TASK INSTRUCTIONS >> Below is a listing to transcribe in full and exactly; keep the pictures out.

RECORDED DATA >>
--------
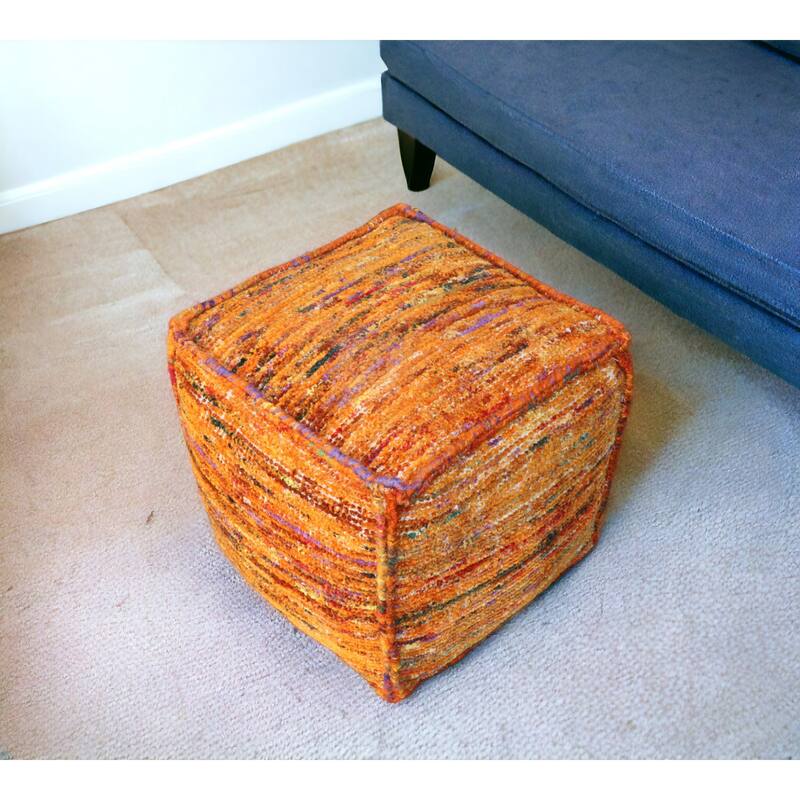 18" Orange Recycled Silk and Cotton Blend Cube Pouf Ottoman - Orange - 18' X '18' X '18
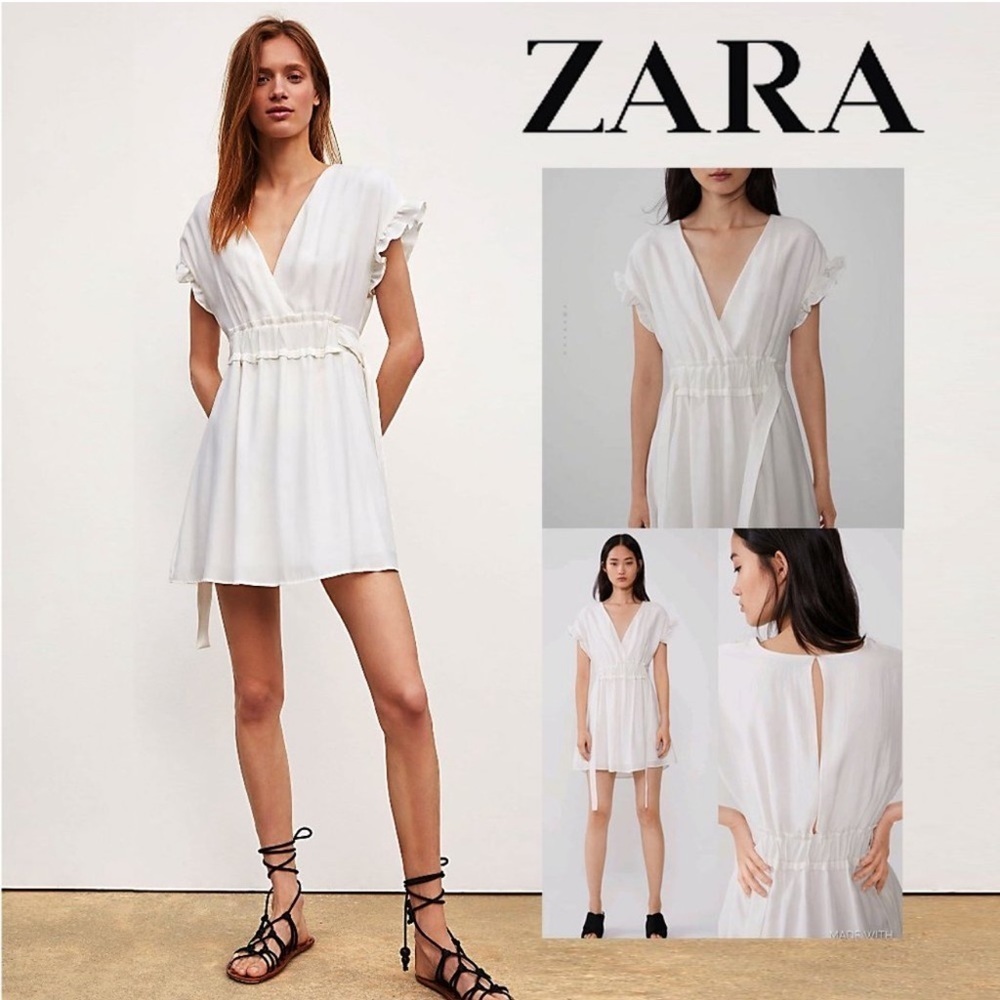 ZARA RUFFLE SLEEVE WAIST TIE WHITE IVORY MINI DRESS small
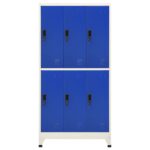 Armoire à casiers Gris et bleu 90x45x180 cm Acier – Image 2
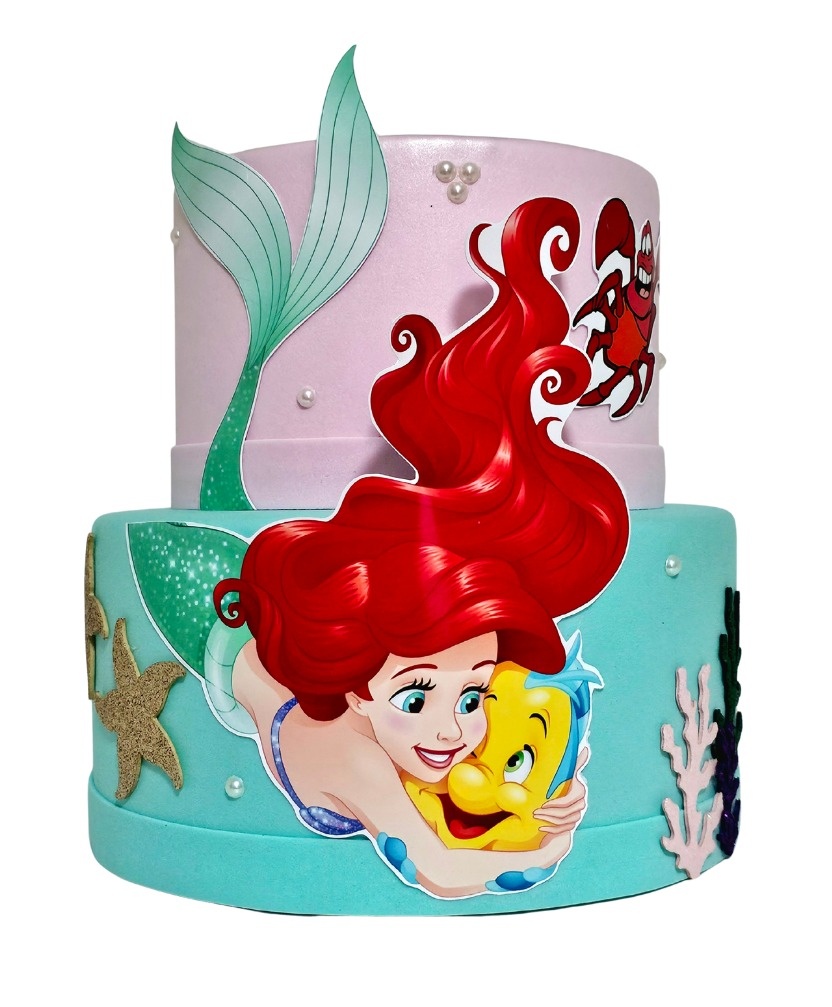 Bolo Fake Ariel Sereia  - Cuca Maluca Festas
--------
RESULT OF THIS EXERCISE >>
 18" Orange Recycled Silk and Cotton Blend Cube Pouf Ottoman - Orange - 18' X '18' X '18
 ZARA RUFFLE SLEEVE WAIST TIE WHITE IVORY MINI DRESS small
 Armoire à casiers Gris et bleu 90x45x180 cm Acier – Image 2
 Bolo Fake Ariel Sereia  - Cuca Maluca Festas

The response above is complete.